Les Ultras ont qualifié leur décision de “pause pour réveiller les consciences”, dénonçant la banalisation de la corruption dans la gestion des affaires de la ville et du sport en général.

Dans leur communiqué, ils expliquent qu’“avant le derby, plusieurs réunions ont eu lieu entre les trois groupes, au terme desquelles (ils ont) convenu de boycotter le match”. Une rencontre a ensuite été tenue avec les autorités concernées “pour clarifier notre position, adoptée volontairement”, ajoute le communiqué. “Nous avons choisi de garder le silence, sans incitation au boycott, conscients de la tension actuelle dans la ville. L’intérêt du pays prime pour nous sur toute autre considération”, précise la même source.

Les Ultras ajoutent que les raisons de ce boycott sont claires et tiennent notamment à “une gestion chaotique des travaux de rénovation du complexe Mohammed-V, emblème du sport national, sans réelle reddition des comptes, des milliards dépensés sans amélioration visible, les mêmes rustines avec des budgets toujours plus élevés, des retards énormes dans les travaux, alors que la majorité des titres de la saison sont déjà joués et que d’autres stades ont été construits en un temps record”. Ils rappellent qu’en huit ans, le stade a été fermé trois fois pour rénovation.

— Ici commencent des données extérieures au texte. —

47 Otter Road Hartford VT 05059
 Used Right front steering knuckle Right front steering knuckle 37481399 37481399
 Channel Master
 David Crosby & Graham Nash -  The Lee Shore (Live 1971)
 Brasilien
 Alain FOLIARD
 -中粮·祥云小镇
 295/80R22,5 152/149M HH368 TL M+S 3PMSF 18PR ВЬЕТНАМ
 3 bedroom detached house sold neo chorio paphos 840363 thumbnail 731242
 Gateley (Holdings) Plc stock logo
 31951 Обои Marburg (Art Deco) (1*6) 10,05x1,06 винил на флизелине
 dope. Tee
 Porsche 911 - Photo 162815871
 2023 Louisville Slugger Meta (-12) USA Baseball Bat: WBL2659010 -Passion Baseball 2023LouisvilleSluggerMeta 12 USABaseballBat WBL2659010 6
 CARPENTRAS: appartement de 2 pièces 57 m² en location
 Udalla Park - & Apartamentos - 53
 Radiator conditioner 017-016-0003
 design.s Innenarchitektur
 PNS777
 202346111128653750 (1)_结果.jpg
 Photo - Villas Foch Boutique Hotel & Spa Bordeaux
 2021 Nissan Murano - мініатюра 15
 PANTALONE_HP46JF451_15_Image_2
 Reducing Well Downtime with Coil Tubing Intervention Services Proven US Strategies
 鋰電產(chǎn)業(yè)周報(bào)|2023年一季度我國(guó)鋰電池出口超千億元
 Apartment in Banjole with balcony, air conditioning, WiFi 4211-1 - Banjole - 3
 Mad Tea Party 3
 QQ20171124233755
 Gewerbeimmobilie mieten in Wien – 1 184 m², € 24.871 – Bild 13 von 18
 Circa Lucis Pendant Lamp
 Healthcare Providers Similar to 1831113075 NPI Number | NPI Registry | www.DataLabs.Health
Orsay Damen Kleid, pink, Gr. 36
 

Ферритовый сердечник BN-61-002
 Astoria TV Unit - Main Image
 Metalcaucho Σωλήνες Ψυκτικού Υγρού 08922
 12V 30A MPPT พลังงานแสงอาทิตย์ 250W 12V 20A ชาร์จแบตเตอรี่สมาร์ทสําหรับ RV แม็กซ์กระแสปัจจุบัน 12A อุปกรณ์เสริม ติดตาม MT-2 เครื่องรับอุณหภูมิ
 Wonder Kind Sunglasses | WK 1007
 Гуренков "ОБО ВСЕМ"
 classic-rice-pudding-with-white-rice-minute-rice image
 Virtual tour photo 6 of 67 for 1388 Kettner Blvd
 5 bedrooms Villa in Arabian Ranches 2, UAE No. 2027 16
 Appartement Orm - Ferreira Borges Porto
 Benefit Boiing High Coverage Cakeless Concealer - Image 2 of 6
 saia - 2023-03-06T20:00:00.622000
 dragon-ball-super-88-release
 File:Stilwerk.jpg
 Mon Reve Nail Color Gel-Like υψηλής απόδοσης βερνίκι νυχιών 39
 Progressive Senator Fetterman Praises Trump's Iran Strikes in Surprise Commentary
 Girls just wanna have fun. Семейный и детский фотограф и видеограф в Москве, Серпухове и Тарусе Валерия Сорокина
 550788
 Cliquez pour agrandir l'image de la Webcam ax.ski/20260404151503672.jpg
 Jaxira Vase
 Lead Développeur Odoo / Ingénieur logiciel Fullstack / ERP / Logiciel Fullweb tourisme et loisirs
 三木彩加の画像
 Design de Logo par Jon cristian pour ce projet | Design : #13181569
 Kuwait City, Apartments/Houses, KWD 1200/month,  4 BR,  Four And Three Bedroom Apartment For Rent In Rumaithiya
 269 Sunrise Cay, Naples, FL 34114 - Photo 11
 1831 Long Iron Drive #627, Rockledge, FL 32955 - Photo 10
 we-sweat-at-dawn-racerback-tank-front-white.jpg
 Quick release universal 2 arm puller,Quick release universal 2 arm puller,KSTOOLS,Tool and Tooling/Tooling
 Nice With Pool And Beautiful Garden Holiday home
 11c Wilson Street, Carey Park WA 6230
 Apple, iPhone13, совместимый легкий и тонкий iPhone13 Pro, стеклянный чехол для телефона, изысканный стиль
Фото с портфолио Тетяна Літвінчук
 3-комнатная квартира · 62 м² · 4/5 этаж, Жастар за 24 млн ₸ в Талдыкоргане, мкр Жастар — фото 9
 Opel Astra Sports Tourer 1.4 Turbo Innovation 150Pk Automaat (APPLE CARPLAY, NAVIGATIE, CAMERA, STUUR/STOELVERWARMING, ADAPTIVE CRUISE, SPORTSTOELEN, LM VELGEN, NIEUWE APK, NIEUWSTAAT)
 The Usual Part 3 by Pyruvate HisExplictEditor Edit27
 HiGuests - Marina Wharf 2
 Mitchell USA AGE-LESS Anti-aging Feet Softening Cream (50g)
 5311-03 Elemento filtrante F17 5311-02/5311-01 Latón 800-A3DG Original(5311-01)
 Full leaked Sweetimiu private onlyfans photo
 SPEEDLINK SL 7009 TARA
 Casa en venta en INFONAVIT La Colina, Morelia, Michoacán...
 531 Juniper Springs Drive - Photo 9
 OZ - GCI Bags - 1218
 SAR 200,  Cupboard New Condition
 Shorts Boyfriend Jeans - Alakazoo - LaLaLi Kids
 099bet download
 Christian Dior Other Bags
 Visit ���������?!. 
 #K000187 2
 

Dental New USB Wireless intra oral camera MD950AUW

Les groupes dénoncent également les restrictions subies par le mouvement Ultra depuis le début de la saison, notamment “les limitations de déplacement injustifiées, les décisions de huis clos incohérentes, et l’iniquité flagrante entre villes”. Casablanca, ajoutent-ils, continue de souffrir d’un abandon flagrant en matière d’infrastructures, alors que de petits clubs ont obtenu des stades neufs aux normes internationales.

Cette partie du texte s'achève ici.